Now, admittedly, Trujillo has a more nuanced position, as he cites the need for sterilization and also argues that many winemakers who claim to produce unfiltered wines still use some method to achieve the same ends. Yet, as Jefford writes, almost all of the top domaines in Burgundy have long abandoned fining and filtration to no ill effect. It is interesting to observe, here, that it took the pressure of American journalists and importers like Robert Parker and Kermit Lynch to get producers to stop using these techniques, and many domaines produce special unfined and unfiltered cuvees for the USA market alone.

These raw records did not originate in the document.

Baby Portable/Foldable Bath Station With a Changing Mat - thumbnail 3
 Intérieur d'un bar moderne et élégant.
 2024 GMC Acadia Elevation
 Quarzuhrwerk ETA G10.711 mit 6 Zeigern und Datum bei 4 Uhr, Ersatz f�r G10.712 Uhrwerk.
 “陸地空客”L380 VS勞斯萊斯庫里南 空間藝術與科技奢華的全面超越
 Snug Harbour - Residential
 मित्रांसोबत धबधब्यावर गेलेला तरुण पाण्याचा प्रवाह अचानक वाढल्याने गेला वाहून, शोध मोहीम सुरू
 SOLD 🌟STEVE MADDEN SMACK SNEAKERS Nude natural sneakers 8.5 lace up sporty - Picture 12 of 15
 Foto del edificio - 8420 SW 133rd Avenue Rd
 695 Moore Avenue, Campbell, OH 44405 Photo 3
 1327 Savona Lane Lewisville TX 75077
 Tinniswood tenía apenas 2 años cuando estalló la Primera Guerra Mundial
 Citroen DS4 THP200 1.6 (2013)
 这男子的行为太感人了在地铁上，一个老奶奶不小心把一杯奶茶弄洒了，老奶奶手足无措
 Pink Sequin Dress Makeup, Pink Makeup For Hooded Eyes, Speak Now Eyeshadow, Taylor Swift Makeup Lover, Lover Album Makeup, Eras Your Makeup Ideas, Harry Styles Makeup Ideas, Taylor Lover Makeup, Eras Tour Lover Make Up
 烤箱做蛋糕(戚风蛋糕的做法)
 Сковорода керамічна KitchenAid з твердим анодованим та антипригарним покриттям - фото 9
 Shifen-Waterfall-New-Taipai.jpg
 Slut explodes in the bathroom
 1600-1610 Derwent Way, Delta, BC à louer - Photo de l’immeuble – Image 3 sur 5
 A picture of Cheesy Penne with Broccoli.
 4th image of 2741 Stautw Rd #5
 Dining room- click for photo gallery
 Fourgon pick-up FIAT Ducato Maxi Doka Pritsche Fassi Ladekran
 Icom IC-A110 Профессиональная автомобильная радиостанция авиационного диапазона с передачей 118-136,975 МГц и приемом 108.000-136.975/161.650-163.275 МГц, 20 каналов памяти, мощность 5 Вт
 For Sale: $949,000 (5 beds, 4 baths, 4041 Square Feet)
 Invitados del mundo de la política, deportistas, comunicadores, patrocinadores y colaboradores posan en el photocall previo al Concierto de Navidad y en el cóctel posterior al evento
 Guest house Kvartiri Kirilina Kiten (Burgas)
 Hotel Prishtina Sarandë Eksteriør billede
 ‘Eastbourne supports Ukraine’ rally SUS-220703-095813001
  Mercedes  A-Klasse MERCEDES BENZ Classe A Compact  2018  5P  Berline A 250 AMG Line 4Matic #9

Readers of Parker and Lynch have long accepted the gospel of unfined and unfiltered wines, while it is the European consumer who has lost sight of wine as an agricultural product and cannot bear the thought of a single, stray particle in the glass. Yet Trujillo either misreads the American market or is targeting a less sophisticated consumer when he says he needs filtration to deliver a sterile, stable product: "The customer is very important, and I need to deliver an expectation to this customer year after year after year."

While it is not exactly news that wines are being made in a more fruit-forward, consumer friendly style (or that artisans can and do compromise their ideals for market share), these trends do evoke an almost tragic sense of loss. If a Brian Loring says he makes wines in the super-ripe, high-octane style that he does because that's the style he enjoys and believes in, then more power to him. Let him stand or fall by his ideals. But there is something irredeemably sad about Trujillo's case when he says he cannot make the wine he ideally would produce.

And he is not alone. Even in Bordeaux and Burgundy, fewer and fewer producers are willing to make the old-school tannic beast that needs twenty years in the cellar to settle down and bring it into a remarkable balance worthy of the wait. The vin de garde may be becoming a thing of the past. And the true wine lover is in the position of the museum patron who, while recognizing that art must always speak to the present and that old forms need to be made new, nevertheless stands in awe before Titian's Europa and sighs: "Why can't they make them like this anymore?"